Deleting a model server
When you no longer need a model server to host models, you can remove it from your data science project.
Note
|
When you remove a model server, you also remove the models that are hosted on that model server. As a result, the models are no longer available to applications. |
-
You have created a data science project and an associated model server.
-
You have notified the users of the applications that access the models that the models will no longer be available.
-
From the Open Data Hub dashboard, click Data science projects.
The Data science projects page opens.
-
Click the name of the project from which you want to delete the model server.
A project details page opens.
-
Click the Models tab.
-
Click the action menu (⋮) beside the project whose model server you want to delete and then click Delete model server.
The Delete model server dialog opens.
-
Enter the name of the model server in the text field to confirm that you intend to delete it.
-
Click Delete model server.
-
The model server that you deleted is no longer displayed on the Models tab for the project.
Deploying a model by using the multi-model serving platform
You can deploy trained models on Open Data Hub to enable you to test and implement them into intelligent applications.
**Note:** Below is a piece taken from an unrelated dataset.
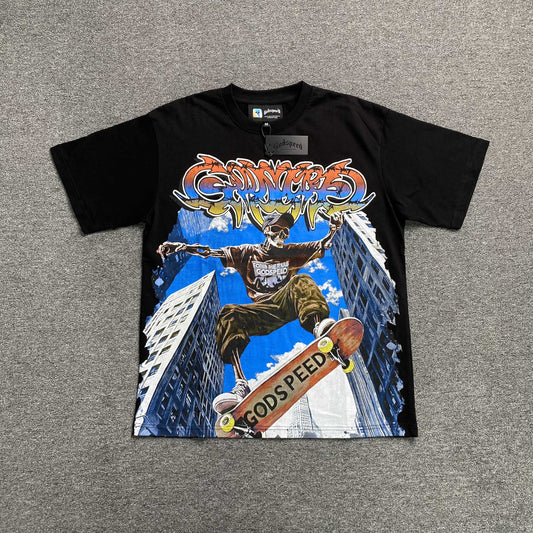 Remera Godspeed Ollie Negra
Deploying a model makes it available as a service that you can access by using an API. This enables you to return predictions based on data inputs.
When you have enabled the multi-model serving platform, you can deploy models on the platform.
-
You have logged in to Open Data Hub.
-
You have enabled the multi-model serving platform.
-
You have created a data science project and added a model server.
-
You have access to S3-compatible object storage.
-
For the model that you want to deploy, you know the associated folder path in your S3-compatible object storage bucket.
-
In the left menu of the Open Data Hub dashboard, click Data science projects.
The Data science projects page opens.
-
Click the name of the project that you want to deploy a model in.
A project details page opens.
-
Click the Models tab.
-
Click Deploy model.
-
Configure properties for deploying your model as follows:
-
In the Model name field, enter a unique name for the model that you are deploying.
-
From the Model framework list, select a framework for your model.
NoteThe Model framework list shows only the frameworks that are supported by the model-serving runtime that you specified when you configured your model server. -
To specify the location of the model you want to deploy from S3-compatible object storage, perform one of the following sets of actions:
-
To use an existing connection
-
Select Existing connection.
-
From the Name list, select a connection that you previously defined.
-
In the Path field, enter the folder path that contains the model in your specified data source.
NoteIf you are deploying a registered model version with an existing S3 or URI data connection, some of your connection details might be autofilled. This depends on the type of data connection and the number of matching connections available in your data science project. For example, if only one matching connection exists, fields like the path, URI, endpoint, bucket, and region might populate automatically. Matching connections will be labeled as Recommended.
-
-
To use a new connection
-
To define a new connection that your model can access, select New connection.
-
In the Add connection modal, select a Connection type. The S3 compatible object storage and URI options are pre-installed connection types. Additional options might be available if your Open Data Hub administrator added them.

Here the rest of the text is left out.